▶ WHAT IS EXPECTED
Set down each line of the records once more, precisely, and omit the pictures.

▶ LISTED ENTRIES
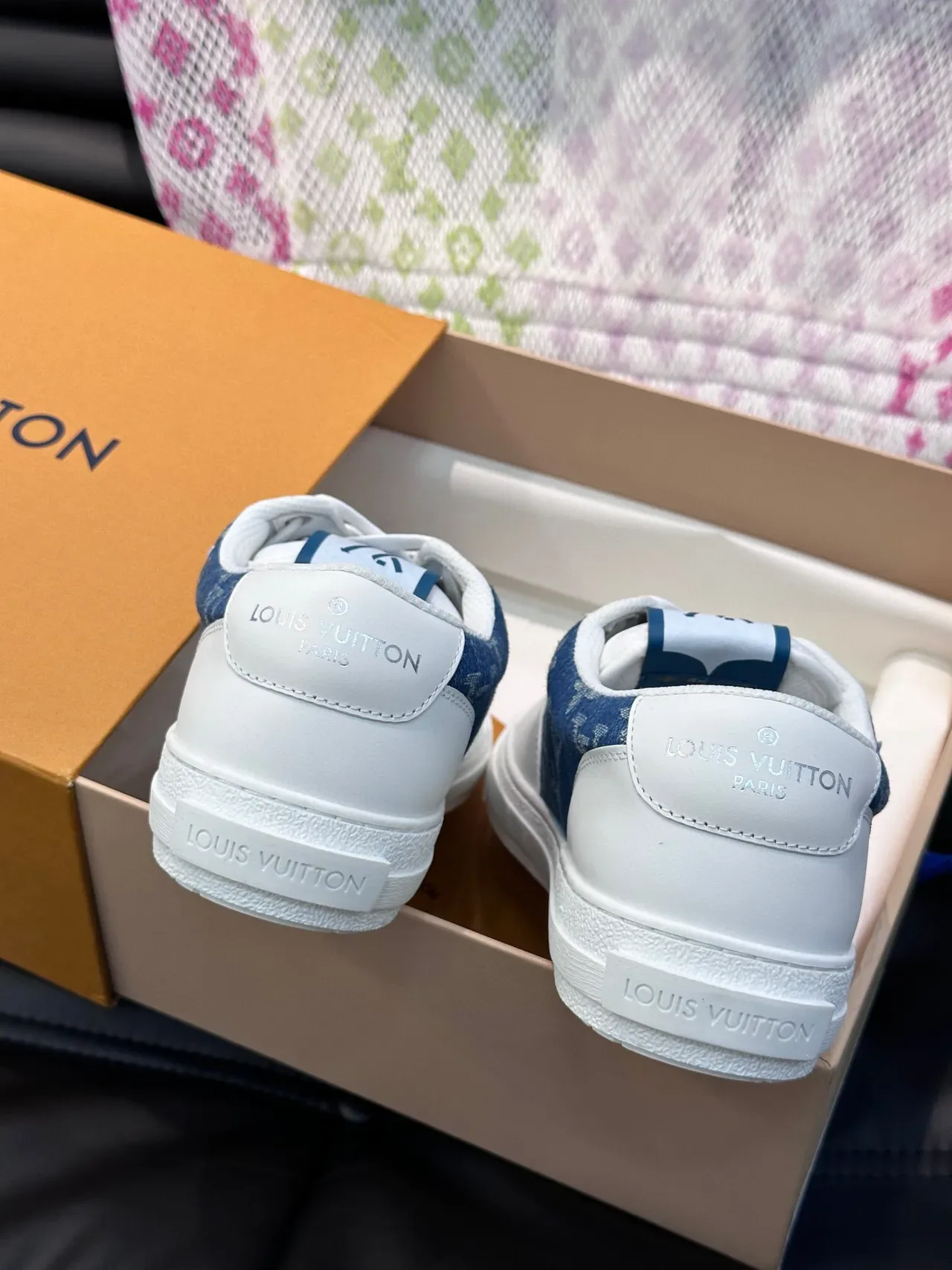 Louis Vuitton সাদা নেভি মনোগ্রাম টেক্সটাইল লেদার অ্যাকসেন্ট লাইফস্টাইল স্নিকার 4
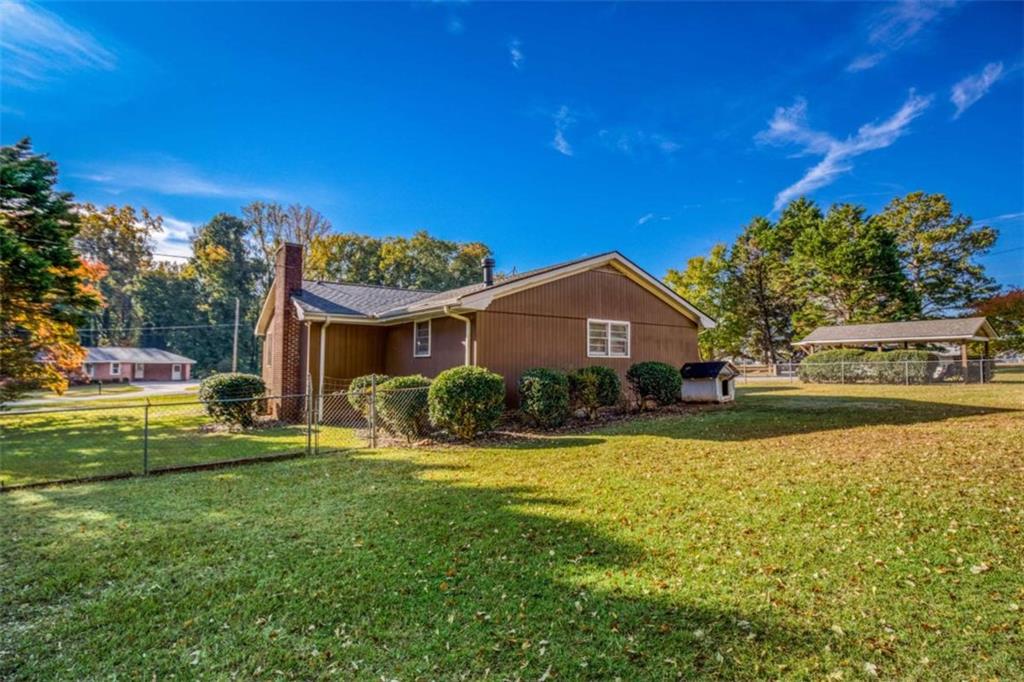 1525 Woodacres Road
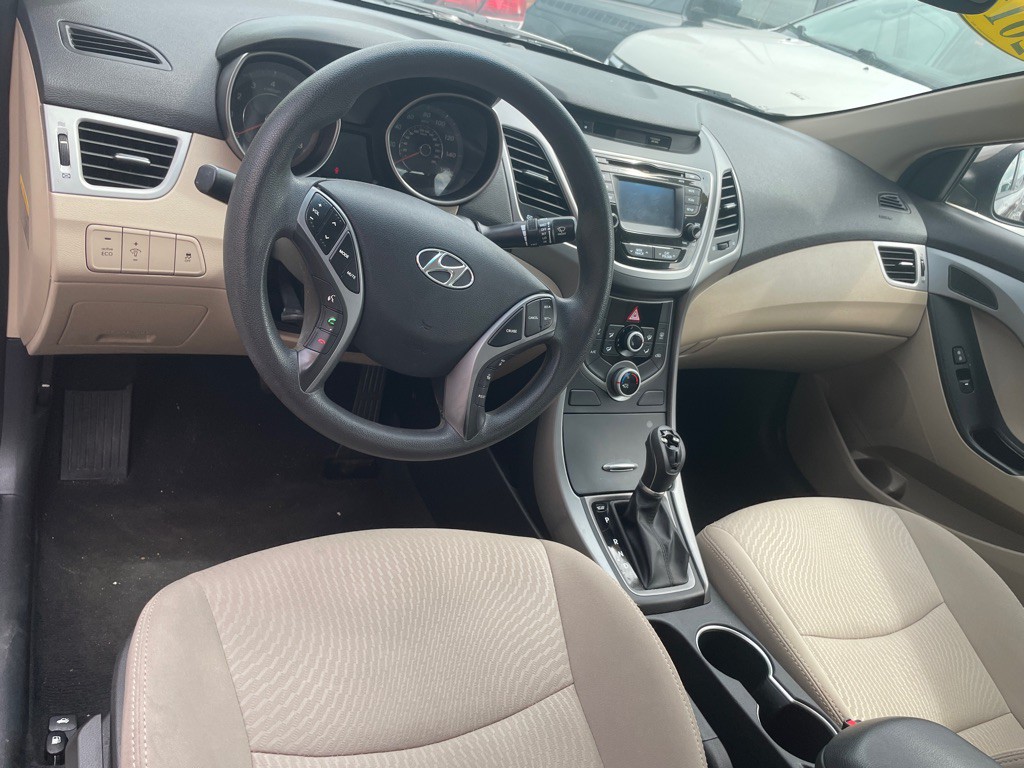 2015 Hyundai Elantra Image 8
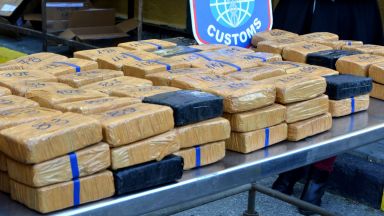  Хванаха рекордна пратка с хероин за над 3.6 млн. лева на Дунав мост (снимки) 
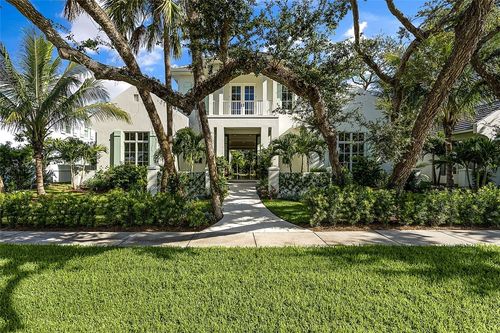765 Azalea Ln, Vero Beach, FL, 32963-1944 | Card Image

▶ TASK OUTPUT
 Louis Vuitton সাদা নেভি মনোগ্রাম টেক্সটাইল লেদার অ্যাকসেন্ট লাইফস্টাইল স্নিকার 4
 1525 Woodacres Road
 2015 Hyundai Elantra Image 8
  Хванаха рекордна пратка с хероин за над 3.6 млн. лева на Дунав мост (снимки) 
765 Azalea Ln, Vero Beach, FL, 32963-1944 | Card Image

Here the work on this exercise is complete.